Find the sum of the series and determine the radius and interval of convergence

• May 14th 2009, 12:22 PM
twilightstr
Find the sum of the series and determine the radius and interval of convergence
Let f(x)= ln (1+x^2). Find f^15(0)
I know the answer is 0 but why?
• May 14th 2009, 12:35 PM
Moo
Hello,
Quote:

Originally Posted by twilightstr
Let f(x)= ln (1+x^2). Find f^15(0)
I know the answer is 0 but why?

We know that $\ln(1+x)=-\sum_{n\geq 1}\frac{x^n}{n}$

So here, $f(x)=-\sum_{n\geq 1}\frac{x^{2n}}{n}$
So you can notice that the factors of the odd powers of x are 0.

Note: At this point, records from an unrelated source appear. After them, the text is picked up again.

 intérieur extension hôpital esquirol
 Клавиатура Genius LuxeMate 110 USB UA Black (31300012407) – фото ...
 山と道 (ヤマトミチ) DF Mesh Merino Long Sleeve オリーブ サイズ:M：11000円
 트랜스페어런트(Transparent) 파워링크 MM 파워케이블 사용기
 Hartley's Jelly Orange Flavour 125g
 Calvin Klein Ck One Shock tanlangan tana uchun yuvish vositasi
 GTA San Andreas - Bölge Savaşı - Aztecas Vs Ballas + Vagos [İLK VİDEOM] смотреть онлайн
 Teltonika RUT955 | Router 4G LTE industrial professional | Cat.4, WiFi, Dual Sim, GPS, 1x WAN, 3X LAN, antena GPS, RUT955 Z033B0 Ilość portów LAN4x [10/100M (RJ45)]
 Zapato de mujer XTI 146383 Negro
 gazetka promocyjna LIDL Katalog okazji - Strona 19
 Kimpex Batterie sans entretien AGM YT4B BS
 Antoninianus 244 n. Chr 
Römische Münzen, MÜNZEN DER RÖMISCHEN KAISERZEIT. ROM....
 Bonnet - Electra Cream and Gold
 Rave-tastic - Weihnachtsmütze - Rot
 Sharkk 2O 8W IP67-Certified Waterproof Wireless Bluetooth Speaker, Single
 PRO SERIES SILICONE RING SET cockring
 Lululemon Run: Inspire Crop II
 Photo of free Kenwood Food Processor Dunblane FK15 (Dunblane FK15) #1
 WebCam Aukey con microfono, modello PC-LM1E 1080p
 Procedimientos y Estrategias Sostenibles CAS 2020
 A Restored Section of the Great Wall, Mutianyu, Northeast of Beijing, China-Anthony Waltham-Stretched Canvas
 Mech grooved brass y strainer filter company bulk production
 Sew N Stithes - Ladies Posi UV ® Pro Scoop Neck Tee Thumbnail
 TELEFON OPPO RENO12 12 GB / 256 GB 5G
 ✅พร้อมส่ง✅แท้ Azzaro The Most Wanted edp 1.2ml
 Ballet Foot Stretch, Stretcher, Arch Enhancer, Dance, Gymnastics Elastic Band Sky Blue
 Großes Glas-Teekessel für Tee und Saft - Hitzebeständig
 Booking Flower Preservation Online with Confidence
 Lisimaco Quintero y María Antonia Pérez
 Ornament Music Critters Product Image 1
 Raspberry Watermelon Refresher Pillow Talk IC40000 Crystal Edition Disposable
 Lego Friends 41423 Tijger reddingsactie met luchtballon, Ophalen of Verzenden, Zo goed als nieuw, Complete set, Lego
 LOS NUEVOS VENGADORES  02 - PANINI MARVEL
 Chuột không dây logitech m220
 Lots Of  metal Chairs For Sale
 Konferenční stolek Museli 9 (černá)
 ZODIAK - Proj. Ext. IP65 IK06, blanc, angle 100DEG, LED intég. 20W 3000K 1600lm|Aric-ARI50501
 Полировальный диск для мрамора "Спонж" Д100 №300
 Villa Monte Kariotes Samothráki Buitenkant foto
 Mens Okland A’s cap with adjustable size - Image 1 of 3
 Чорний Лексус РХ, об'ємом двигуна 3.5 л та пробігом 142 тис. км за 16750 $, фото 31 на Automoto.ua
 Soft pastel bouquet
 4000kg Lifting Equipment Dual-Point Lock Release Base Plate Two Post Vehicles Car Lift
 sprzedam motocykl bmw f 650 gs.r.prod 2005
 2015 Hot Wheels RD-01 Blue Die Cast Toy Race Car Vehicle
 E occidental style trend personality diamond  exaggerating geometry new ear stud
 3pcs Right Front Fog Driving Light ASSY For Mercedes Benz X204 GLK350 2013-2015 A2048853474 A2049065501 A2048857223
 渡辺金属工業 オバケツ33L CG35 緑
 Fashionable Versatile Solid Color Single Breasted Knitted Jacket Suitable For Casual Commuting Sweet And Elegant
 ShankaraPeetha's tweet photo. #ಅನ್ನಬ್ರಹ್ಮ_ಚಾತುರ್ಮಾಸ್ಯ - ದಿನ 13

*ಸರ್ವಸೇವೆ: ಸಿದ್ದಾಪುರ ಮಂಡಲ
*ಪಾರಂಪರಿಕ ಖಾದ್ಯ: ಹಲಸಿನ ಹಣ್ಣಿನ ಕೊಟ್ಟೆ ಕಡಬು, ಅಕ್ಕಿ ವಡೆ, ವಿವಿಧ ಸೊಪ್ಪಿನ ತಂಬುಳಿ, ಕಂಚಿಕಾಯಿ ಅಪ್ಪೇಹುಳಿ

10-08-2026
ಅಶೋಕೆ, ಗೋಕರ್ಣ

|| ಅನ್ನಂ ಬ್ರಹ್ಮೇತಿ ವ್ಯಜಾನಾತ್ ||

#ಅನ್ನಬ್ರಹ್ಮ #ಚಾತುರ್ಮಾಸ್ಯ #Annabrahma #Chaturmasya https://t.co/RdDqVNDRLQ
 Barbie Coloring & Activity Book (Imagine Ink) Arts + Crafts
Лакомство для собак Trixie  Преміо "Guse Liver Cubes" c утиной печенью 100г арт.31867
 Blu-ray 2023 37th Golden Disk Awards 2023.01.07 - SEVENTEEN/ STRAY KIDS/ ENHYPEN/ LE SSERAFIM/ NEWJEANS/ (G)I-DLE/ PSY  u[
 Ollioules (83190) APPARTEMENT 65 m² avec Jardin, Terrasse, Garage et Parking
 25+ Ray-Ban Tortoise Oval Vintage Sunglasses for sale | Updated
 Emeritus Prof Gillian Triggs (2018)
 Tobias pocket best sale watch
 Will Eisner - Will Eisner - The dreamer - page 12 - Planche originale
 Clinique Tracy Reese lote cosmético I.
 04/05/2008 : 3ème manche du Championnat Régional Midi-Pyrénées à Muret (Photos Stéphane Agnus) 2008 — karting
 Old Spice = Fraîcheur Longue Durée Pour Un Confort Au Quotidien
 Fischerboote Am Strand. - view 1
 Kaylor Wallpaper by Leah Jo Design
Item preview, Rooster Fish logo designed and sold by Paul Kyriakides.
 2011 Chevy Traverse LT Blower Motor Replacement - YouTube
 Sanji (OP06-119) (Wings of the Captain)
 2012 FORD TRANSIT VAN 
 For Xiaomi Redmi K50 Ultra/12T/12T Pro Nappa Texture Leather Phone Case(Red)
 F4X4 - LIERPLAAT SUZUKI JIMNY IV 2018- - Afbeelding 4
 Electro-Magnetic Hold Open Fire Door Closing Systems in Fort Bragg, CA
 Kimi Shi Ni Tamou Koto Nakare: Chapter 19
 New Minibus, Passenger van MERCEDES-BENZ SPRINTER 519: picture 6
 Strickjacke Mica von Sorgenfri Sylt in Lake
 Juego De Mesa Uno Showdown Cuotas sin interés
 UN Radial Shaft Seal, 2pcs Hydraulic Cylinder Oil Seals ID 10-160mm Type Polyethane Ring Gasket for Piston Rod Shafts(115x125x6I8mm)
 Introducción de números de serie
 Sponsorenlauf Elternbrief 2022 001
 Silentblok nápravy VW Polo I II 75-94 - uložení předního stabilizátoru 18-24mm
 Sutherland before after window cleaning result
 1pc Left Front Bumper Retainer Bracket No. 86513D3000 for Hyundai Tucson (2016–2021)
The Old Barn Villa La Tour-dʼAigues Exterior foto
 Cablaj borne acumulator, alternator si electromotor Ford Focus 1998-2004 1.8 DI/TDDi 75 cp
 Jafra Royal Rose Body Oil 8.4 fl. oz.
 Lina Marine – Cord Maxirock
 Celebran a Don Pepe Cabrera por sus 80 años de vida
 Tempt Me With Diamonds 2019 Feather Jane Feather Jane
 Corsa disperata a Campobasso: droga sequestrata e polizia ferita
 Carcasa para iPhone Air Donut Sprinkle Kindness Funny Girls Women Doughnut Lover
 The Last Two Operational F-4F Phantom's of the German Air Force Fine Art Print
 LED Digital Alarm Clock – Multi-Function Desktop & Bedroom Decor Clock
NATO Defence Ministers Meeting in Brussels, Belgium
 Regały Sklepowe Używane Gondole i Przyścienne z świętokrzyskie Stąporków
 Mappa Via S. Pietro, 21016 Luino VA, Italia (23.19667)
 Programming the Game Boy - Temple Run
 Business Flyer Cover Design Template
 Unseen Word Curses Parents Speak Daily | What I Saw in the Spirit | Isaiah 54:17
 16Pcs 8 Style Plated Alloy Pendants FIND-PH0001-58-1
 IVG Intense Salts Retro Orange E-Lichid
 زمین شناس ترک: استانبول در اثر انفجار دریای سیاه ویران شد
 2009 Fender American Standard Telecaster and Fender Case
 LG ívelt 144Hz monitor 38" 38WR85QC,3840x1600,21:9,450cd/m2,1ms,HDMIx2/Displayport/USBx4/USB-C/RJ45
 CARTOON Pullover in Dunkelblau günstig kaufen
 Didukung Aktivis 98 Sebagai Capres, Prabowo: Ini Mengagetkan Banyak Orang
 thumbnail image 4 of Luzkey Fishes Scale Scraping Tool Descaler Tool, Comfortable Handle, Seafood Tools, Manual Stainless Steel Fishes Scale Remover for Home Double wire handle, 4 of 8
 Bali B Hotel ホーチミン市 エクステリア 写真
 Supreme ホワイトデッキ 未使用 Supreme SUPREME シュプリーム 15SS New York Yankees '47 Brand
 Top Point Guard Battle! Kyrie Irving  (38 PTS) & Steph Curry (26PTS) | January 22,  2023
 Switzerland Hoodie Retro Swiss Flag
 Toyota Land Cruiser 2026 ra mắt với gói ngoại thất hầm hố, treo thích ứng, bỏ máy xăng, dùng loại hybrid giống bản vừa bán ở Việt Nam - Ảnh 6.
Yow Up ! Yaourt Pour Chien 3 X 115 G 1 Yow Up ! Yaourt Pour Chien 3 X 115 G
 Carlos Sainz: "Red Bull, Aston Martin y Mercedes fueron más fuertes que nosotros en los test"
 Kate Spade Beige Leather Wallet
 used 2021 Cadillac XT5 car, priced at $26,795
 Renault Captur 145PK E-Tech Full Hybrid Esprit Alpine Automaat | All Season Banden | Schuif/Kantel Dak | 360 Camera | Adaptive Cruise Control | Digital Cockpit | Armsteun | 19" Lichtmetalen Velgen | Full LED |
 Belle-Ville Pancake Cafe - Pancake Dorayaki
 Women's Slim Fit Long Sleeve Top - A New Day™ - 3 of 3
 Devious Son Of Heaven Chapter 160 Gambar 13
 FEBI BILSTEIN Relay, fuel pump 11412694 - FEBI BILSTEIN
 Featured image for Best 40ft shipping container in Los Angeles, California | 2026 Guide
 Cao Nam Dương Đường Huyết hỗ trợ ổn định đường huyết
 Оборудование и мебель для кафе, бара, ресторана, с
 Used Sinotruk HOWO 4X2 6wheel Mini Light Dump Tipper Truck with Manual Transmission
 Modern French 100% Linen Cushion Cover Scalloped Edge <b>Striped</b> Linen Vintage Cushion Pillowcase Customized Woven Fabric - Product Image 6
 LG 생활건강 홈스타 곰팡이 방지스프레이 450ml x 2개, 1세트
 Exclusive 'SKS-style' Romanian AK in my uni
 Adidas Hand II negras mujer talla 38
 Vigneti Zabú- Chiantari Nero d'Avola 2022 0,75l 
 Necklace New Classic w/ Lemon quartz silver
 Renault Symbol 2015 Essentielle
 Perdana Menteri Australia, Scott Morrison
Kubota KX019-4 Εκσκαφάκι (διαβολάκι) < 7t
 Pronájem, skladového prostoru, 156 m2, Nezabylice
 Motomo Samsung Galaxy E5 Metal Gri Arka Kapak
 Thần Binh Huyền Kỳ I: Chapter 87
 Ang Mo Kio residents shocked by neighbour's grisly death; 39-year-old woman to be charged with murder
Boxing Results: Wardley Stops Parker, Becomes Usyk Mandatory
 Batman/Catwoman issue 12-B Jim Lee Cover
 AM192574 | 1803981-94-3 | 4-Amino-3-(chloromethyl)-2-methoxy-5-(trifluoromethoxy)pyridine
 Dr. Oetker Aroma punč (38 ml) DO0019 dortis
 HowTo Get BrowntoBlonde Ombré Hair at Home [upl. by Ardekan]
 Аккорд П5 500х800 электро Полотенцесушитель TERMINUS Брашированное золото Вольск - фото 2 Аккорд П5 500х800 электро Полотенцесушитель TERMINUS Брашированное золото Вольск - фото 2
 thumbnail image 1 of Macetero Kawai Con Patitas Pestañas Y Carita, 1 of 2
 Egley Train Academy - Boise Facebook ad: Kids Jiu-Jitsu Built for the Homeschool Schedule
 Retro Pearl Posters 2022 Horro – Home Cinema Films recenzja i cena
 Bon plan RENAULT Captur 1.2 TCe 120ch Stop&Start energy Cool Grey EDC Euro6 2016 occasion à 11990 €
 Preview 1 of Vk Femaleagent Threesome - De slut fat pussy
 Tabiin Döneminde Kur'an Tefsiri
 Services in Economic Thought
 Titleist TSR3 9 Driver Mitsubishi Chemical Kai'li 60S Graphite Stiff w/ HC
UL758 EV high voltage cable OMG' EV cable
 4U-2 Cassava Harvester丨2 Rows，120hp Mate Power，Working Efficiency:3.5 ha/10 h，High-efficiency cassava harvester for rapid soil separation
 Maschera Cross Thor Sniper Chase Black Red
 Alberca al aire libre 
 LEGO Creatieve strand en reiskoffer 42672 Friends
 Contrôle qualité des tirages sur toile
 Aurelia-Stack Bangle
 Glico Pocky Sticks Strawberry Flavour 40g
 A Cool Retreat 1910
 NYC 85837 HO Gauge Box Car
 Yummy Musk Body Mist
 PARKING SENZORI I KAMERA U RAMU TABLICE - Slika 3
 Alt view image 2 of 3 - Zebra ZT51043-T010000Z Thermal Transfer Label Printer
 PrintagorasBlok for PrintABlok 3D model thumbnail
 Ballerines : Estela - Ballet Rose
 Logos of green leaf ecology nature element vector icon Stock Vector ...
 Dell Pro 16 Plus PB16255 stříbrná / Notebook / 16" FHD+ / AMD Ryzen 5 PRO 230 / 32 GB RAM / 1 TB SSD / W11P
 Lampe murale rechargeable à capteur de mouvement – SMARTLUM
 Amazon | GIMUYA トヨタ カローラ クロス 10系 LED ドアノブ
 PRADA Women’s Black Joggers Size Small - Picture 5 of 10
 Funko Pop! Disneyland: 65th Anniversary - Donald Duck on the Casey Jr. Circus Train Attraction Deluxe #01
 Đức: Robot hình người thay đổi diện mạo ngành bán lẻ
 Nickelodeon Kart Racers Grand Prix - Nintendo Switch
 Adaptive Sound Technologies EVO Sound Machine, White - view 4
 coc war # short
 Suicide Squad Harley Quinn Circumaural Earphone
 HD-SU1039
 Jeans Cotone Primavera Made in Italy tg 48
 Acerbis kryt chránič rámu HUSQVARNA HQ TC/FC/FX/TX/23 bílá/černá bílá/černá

But we also know that $f(x)=\sum_{n\geq 0} \frac{f^{(n)}(0)}{n!} \cdot x^n=f(0)+\sum_{n\geq 1} \frac{f^{(n)}(0)}{n!} \cdot x^n=\sum_{n\geq 1} \frac{f^{(n)}(0)}{n!} \cdot x^n$

So by identification of the 15-th term
$\frac{f^{(15)}(0)}{15!}=0$

And hence $f^{(15)}(0)=0$